Parents of young children everywhere can breathe a f@!#ing sigh of relief: It turns out swearing in front of your children isn’t such a bad thing after all.
In his book, “What the F: What Swearing Reveals About our Language, Our Brain, and Ourselves,” author Benjamin Bergen says casually swearing in front of your children doesn’t have an impact on a child’s well-being or emotional development.
“The use of fleeting expletives doesn’t have any impact on their well being or their socialization…as far as we can tell,” Bergen told Global News.
Bergen, a cognitive science professor at the University of California, San Diego, notes that while letting the odd swear word loose around kids isn’t harmful, it is incredibly damaging to subject children to verbal abuse.

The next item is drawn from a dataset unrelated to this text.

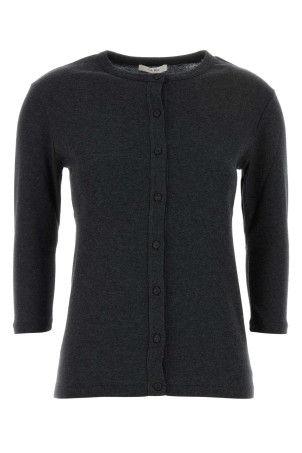 Charcoal cotton blend Alena cardigan THE ROW (R000292K794)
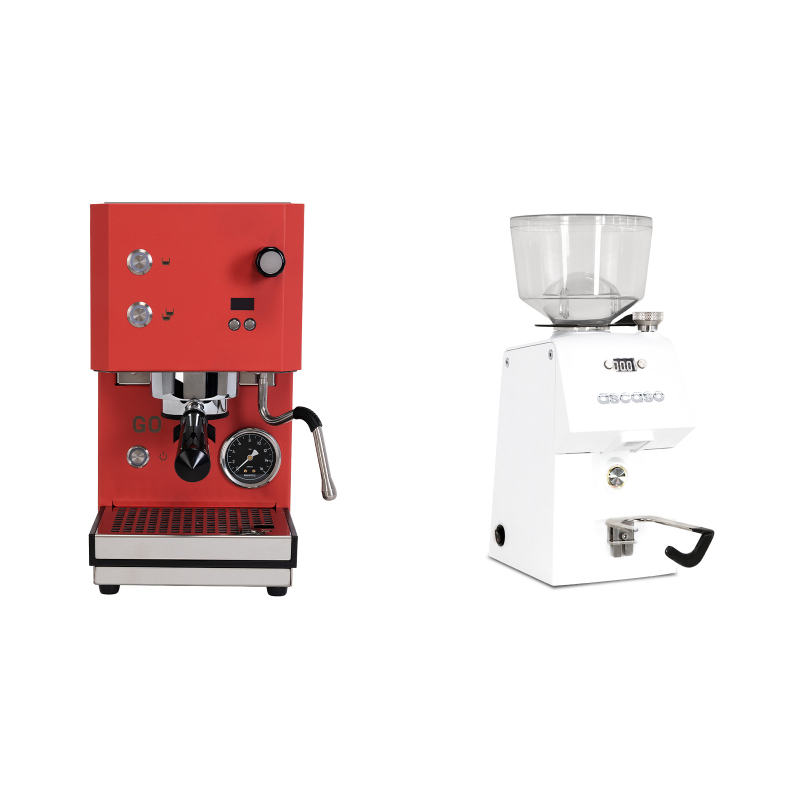 Profitec GO 2.0, red + Ascaso H64, white Profitec GO 2.0, red + Ascaso H64, white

“Verbal abuse can come in different varieties and that can include swearing and slurs,” he explained. “We can track over time how kids are exposed to abusive language show increases in anxiety, depression and troubles in school.”
Bergen, who is a father of two, says he will drop the occasional curse word around his children, aged four and one.
“We have come around to the research and let ourselves do naturally what we do at home, which is swear a little bit,” the professor said.
While some parents are fearful that their children, particularly young children, may mimic their language, Bergen says this isn’t necessarily the case.
“There’s pretty good evidence you’re not cool enough for your kids to copy you when it comes to swearing,” he said, noting that most often children pick up profane or taboo language from their peers.
“Profanity is anti-authoritarian,” he continued. “It is breaking the rules to use profanity in public. If you, the ultimate authority figure for kids are using it, then they don’t see it as cool.”